Grain refinement of aluminum provides a number of technical and economic advantages, including reduced ingot cracking, better ingot homogeneity, better mechanical deformation characteristics and improved mechanical properties. Grain refining elements, titanium and boron, were originally introduced into molten metal as refractory titanium alloy and as corrosive complex potassium metal fluoride salts. Use of these materials resulted in inconsistent performance and detrimental side effects, such as corrosion of furnace refractories, risk of inclusions and unpredictable grain refining response. These side effects and uncertainties were eliminated when master alloy companies together with aluminum producing companies developed a master alloy, which included aluminum, titanium and boron in precise quantities.
One of the most important goals of aluminum alloy production by casting is the refinement of grain size, because coarse grain size immediately reflects in lower property levels. In the case of fixed melting and casting conditions, this goal is usually achieved by different modification methods. These methods are conventionally based on the introduction of a small amount of special master alloys into a slightly overheated melt.
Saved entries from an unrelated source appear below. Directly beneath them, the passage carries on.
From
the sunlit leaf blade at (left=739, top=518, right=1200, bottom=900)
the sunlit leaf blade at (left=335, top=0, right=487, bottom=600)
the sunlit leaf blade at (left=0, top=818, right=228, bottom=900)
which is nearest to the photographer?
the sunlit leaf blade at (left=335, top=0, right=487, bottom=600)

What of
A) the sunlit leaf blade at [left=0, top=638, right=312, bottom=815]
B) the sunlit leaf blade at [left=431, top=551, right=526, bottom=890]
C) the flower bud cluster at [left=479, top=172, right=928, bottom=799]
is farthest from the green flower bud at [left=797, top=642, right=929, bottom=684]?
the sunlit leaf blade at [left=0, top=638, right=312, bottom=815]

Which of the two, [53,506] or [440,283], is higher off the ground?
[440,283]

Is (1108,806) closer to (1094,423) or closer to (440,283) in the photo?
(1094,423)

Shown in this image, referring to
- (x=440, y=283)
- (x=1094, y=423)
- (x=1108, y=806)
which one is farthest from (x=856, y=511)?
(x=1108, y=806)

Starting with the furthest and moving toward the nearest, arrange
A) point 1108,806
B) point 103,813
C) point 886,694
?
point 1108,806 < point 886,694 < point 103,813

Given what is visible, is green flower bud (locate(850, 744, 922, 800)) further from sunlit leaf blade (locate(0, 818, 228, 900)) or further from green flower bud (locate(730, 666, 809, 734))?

During crystallization, the nature and appearance of the master alloys play the main role in the grain size refinement:element solubility in the aluminum solid solution, binary, or multicomponent compounds according to the stable and metastable phase stability diagrams,
1.surface properties (surface tension, adhesion between phases, adsorption, etc.),
3.their particle size distribution,
4.their distribution uniformity,
5.processing parameters (heating/cooling rates, temperature, and time).
The first issue remains the main one for the development and selection of master alloys for particular grain refinement or modifying effects. It is based on the stable phase diagrams, assessed theoretically and experimentally, as well as on the chemical thermodynamics of the alloy systems.
The basic idea of "master alloys" has its grounds in the fact that many alloying elements are very active (Sr, Ti, Mg) or are just unsuitable (Na, B) to be entered in a pure form into aluminum alloys. Also, the production of purified metals like strontium or sodium with the purpose of dissolving only a small amount of addition (0.01-0.2%) is obviously not a cost-effective method. Many active metals can be manufactured much more easily in their alloy form (Al-Ti, Al-Sr, Al-Mg) due to lower activity of the leading elements. The dissolution of the master alloy in the melt also proceeds under a different mechanism than that of pure metals.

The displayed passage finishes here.